Years ago, I made it my quest to discover a homemade buttermilk biscuit recipe that I loved. Purchasing the refrigerated cans in the store is expensive, and it is full of unnecessary ingredients I don’t want to feed my kids.
Finally, after a lot of trial and error (which my kids appreciated), I found the perfect recipe. The baking time was short, so I could pop them right into the oven while cooking dinner. I didn’t have to knead the dough for hours, and there was no rising time since it is a yeast-free recipe. Whenever we have the urge for biscuits, I can make these in a jiffy.
20-Minute Buttermilk Biscuits
- 2 cups all-purpose flour
- 1 TBSP baking powder
- 1/4 TSP baking soda
- 1/2 TSP salt
- 1 1/2 TBSP Sugar
- 1/3 cup butter
- 3/4 cup buttermilk - if you don't have buttermilk mix 1 TBSP of white vinegar with one cup of milk. Allow it to stand for a few minutes. Perfect substitution!
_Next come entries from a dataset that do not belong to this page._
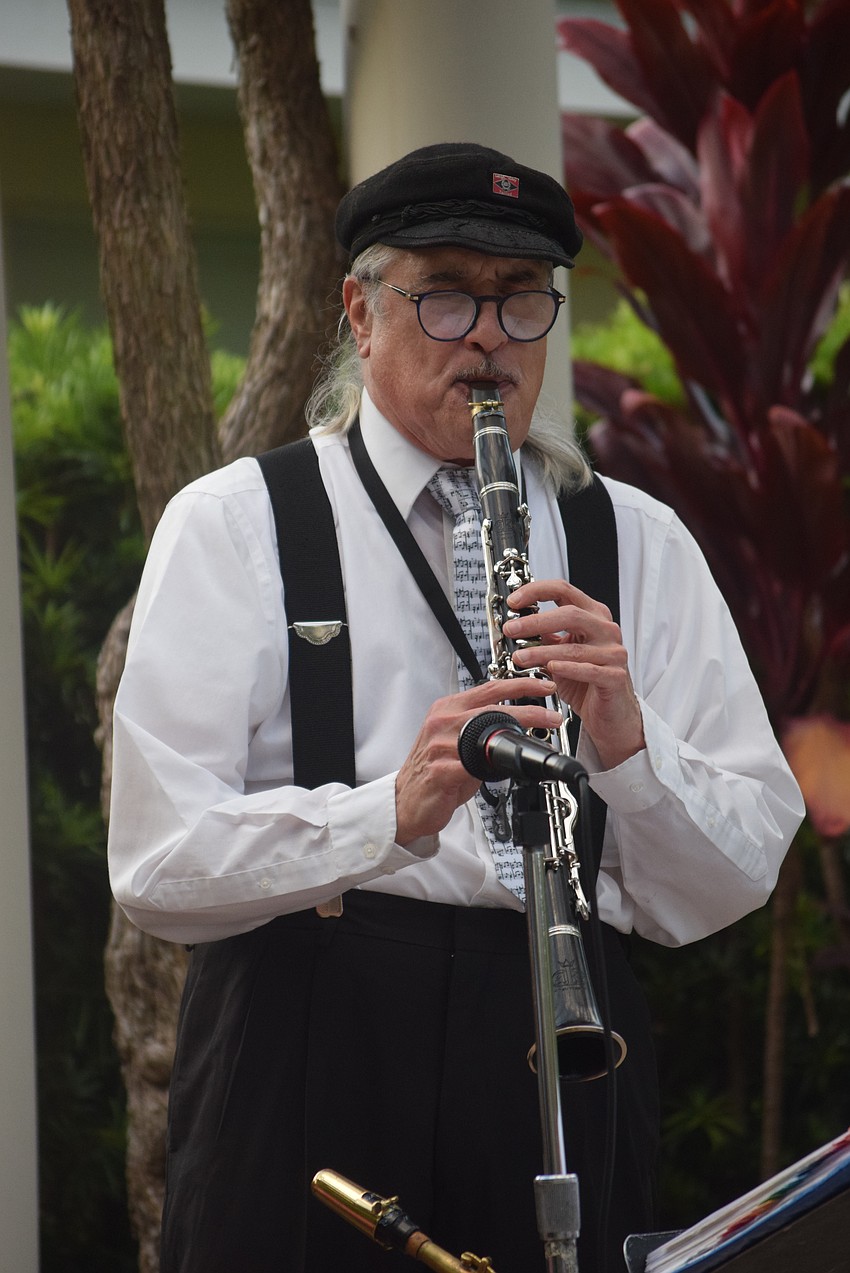 Wayne Pearson from the Jazz DaddyOs playing the clarinet.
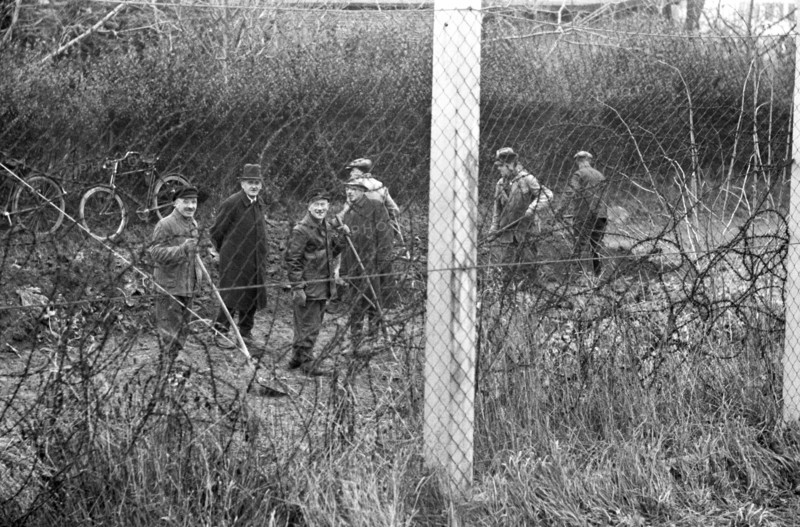 WW2: 'Volkssturm' shoveling trenches, Konstanz 1944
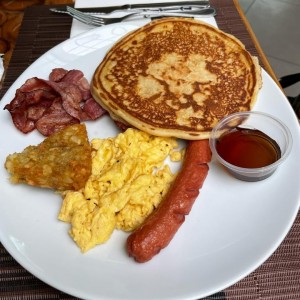 Pancakes y wafles con tocino y huevo frito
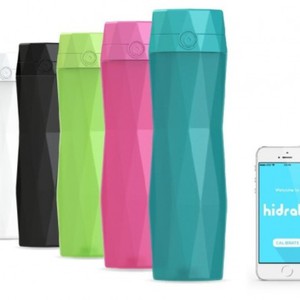 Une bouteille d&#39;eau intelligente qui vous rappelle de boire de l&#39;eau en cas de besoin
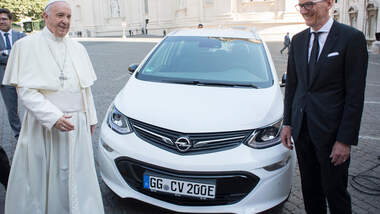 Papamobil Opel Ampera-e Papst Franziskus Karl-Thomas Neumann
- Preheat oven to 450 degrees.
- Mix all of the dry ingredients together, which are flour, baking powder, baking soda, salt and sugar.
- Cut the butter into small cubes. Put them into the dry ingredients. Using your hands or a pastry cutter, cut the butter into the flour until it forms into a coarse-like crumb.
- Stir in the buttermilk.
- Once thoroughly mixed, turn the dough out onto your floured countertop and knead gently. Roll the dough out, ensuring it is 1/2 inch thick. Using biscuit cutters, cut out the biscuits. You may have to roll the dough out again a few times.
- Place the biscuits on a greased baking sheet and bake for 10 to 12 minutes. Eat warm!